The third and fourth biggest challenges are "false negatives" (32%) and "false positives" (28%). Unlike humans, AI has no context awareness, so it is difficult for it to interpret certain events if the model has not been informed in advance. The AI can then report a harmless activity in the company as suspicious (false positive) or, conversely, ignore a real threat (false negative), requiring additional attention from IT managers to sort through this information.
Interoperability : Integrating AI tools into existing cybersecurity infrastructure canphilippines telegram data be complex (26%)
Excessive trust in AI : too much dependence that leads to people being less alert (23%)
Adversarial Attacks : Attackers manipulate AI systems to avoid detection (22%)

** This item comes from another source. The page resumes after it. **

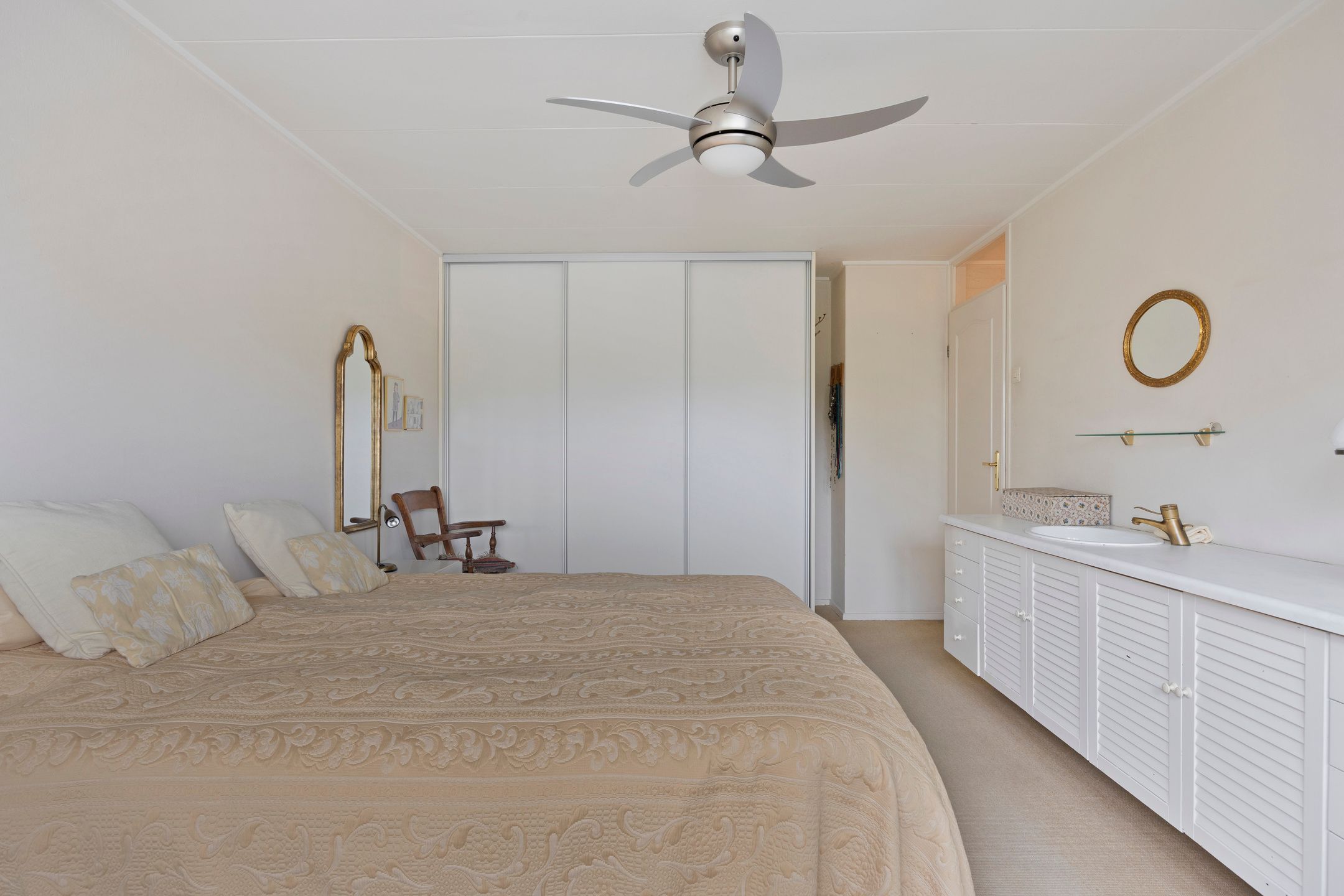 Spacious Detached Villa on Large Plot in Haaksbergen — 39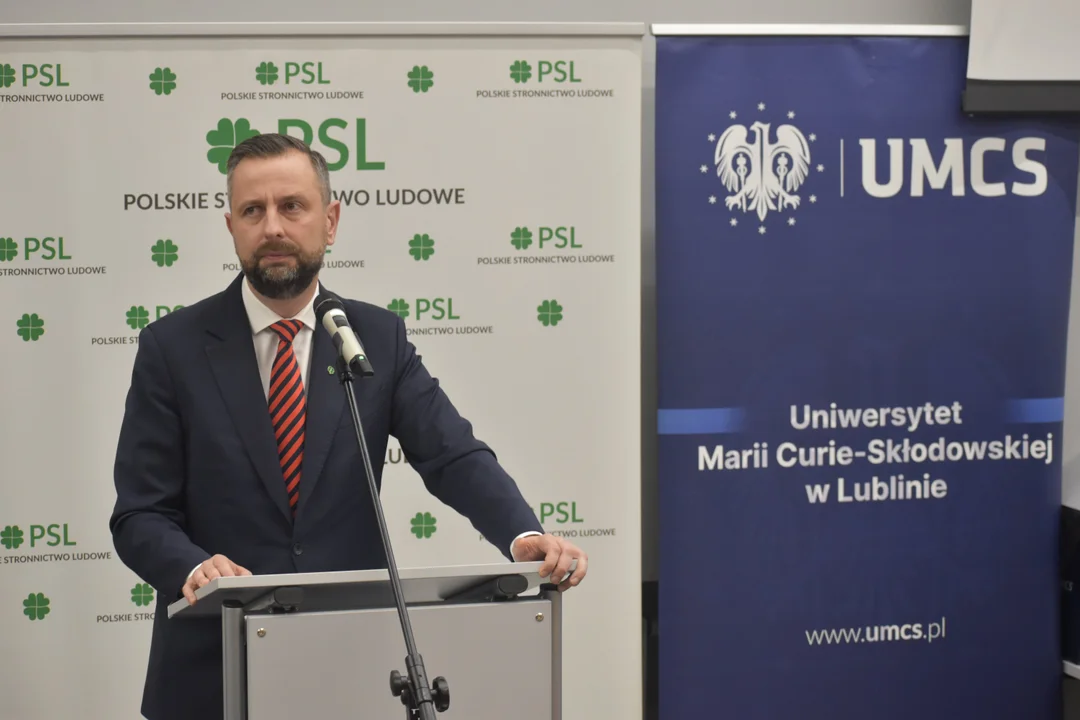 Szef MON na UMCS: "Pierwszy raz w historii Polski to ktoś ginie za naszą wolność, a nie my za czyjąś"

Ethical concerns : bias in decision-making (20%)
Human support : Human expertise remains critical in threat analysis and decision making (15%)
Continuous adaptation : Attack techniques evolve rapidly, AI systems must be continuously trained (15%)
Regulatory challenges : e.g. complex data protection regulations that do not explicitly mention AI tools (12%)
Costs : AI solutions require both investment in technology and experts to operate the systems (11%)
While artificial intelligence can help companies make better strategic decisions in cybersecurity, it is becoming increasingly clear that they cannot ignore one important factor if they are to fully exploit its potential: the human factor.